Continuing through the Santa Cruz neighborhood, I made my way towards the Seville Cathedral and Giralda Tower.
Seville Cathedral, also known as St Mary of the See, is a UNESCO heritage site and the largest Gothic Cathedral in the world. Like many of the cathedrals I have visited on the Iberian Penninsula, the Seville Cathedral was originally a mosque. Remnants of the old mosque, Almohad, can still be seen in the architecture of the cathedral. The Giralda minaret and Puerta del Perdon are examples of the original structure.
The Giralda Tower, a brick, minaret structure with intricate patterns, is accessible with your ticket to the Cathedral. A series of ramps lead to the top of the tower, with a spectacular view of the surrounding cathedral and Seville.
After the reconquest of Seville, a bell tower was added to the top of the mosque’s minaret. The embellishment was a way of announcing the building’s new purpose, as a Catholic cathedral. Then, in the 16th century, a bronze statue, representing Faith, was added to the top of the tower. The Faith statue holds a cross and a shield; the shield acts as a weather vane, blowing with the wind.

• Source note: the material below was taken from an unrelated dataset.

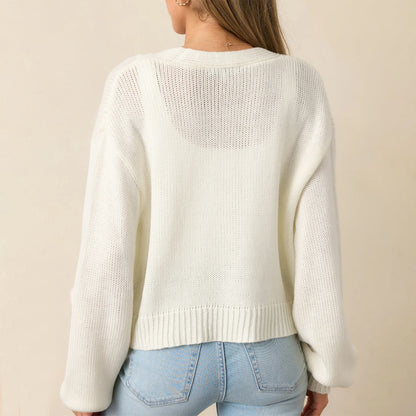 3D Strawberry Pattern Women Elegant Sweater Cardigan Autumn Winter Button Long Sleeve Sweater - Wanita Store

Puerta del Perdon, or Door of Forgiveness, is mentioned above as one of the original gates of the old mosque. The intricate details of the horseshoe-like arch echo the identity of the original structure, while the sculptures and bells signify its re-purposing.
Inside the Seville Cathedral, Christopher Columbus’s tomb is located by the Door of the Prince. Mirroring his life, Columbus’s remains traveled quite a bit. Columbus was initially buried in Spain, then his remains were sent to Hispaniola. After the French took control of Hispaniola, Columbus’s remains were moved to Cuba, and later, back to Spain. After a bit of controversy over the authenticity of the remains, DNA tests were performed. Experts were able to confirm that the remains are of Columbus. The tomb symbolically represents the four regions of Spain, with a pallbearer from each region. The two pallbearers in the front represent Castile and Leon, and the two at the rear are Aragon and Navarre. Castile’s robes are decorated with the three tower castle from the Castile Coat of Arms. Leon is garbed in a lion emblazoned robe, while holding a spear with a cross, piercing a pomegranate. The Spanish word for pomegranate is “granada,” and the spear symbolizes Leon’s conquest of Granada. Navarre’s Coat of Arms includes chains, which are used to symbolize Navarre’s pallbearer. And, lastly, Aragon’s robes are patterned with bats (though there is some argument as to whether or not they are actually winged dragons or swallows).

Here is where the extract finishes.